To live in hearts we leave behind is not to die – Thomas Campbell

Tomorrow Friday, 14th March 2014, we will bury our friend, I still find it surreal that our dear friend Lami Molluma Yakubu has left us, concluded her earthly sojourn and suddenly left her beloved family and friends behind. As I pen this I am still in denial that I am writing a tribute to her, this eulogy seeks to celebrate her selflessness, fierce loyalty and amazing character. When you live in a highly built up and individualistic city like Abuja, you need the likes of Molly as she was fondly called on your speed dial. She had an idea of everything –from mundane things as to where to get fuel during scarcity to a real estate agent’s number or to helping you edit a report. She was always willing to lend a helping hand, eager to please, she was the ever dutiful friend and sister all rolled in one;  she belongs to that rare group of friends who became family in deed and words.

To understand how selfless Molly, was to contextualize the length she could go to ensure that she extended a helping hand; she exemplified the word random acts of unsolicited kindness. As a budding entrepreneur anytime she had money, she will ensure that all those around her had a share of it, no matter how little it was.

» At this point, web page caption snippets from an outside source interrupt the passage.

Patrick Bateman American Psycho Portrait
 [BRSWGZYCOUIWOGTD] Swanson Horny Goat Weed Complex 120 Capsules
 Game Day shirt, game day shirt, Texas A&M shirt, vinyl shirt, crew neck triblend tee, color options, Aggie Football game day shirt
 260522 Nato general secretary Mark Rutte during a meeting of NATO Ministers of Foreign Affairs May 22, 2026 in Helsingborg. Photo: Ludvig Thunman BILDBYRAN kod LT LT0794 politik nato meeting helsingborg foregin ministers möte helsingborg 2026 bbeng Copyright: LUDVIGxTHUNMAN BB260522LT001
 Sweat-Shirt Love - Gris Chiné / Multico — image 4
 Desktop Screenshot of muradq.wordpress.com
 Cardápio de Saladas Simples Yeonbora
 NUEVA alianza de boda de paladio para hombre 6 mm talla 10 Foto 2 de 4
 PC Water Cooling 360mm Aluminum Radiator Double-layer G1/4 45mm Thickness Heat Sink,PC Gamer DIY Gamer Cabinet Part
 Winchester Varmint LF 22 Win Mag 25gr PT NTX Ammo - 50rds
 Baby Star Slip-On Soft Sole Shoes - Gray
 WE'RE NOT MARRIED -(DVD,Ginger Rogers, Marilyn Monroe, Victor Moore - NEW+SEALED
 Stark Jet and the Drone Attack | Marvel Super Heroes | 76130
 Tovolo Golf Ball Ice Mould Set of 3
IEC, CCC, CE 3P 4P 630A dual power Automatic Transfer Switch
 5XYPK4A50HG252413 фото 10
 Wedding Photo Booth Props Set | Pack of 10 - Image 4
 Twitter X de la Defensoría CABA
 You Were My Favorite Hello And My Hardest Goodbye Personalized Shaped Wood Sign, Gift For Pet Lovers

Lami like every young person had dreams, she wanted to travel the world, visit a new country each year. She wanted to publish her crafty stories, she wanted to become a successful writer aside her law. She was looking forward to raising a family, her brood. She loved children, they brought out her innermost joy, and she spoke their language and belonged to the extra-ordinary class of adults who shared a spontaneous kinship with children.

She loved to share stories, anecdotes that will leave one reeling in laughter; she had a hearty laughter herself, never afraid to clown, her capacity to laugh at herself was profound, a self effacing nature enabled her to laugh at herself.

I remember her last message via BBM a mutual friend of ours was organizing a World Book Day event for the school where she was a teacher -even from her sick bed Molly ensured that she got me to read to the children.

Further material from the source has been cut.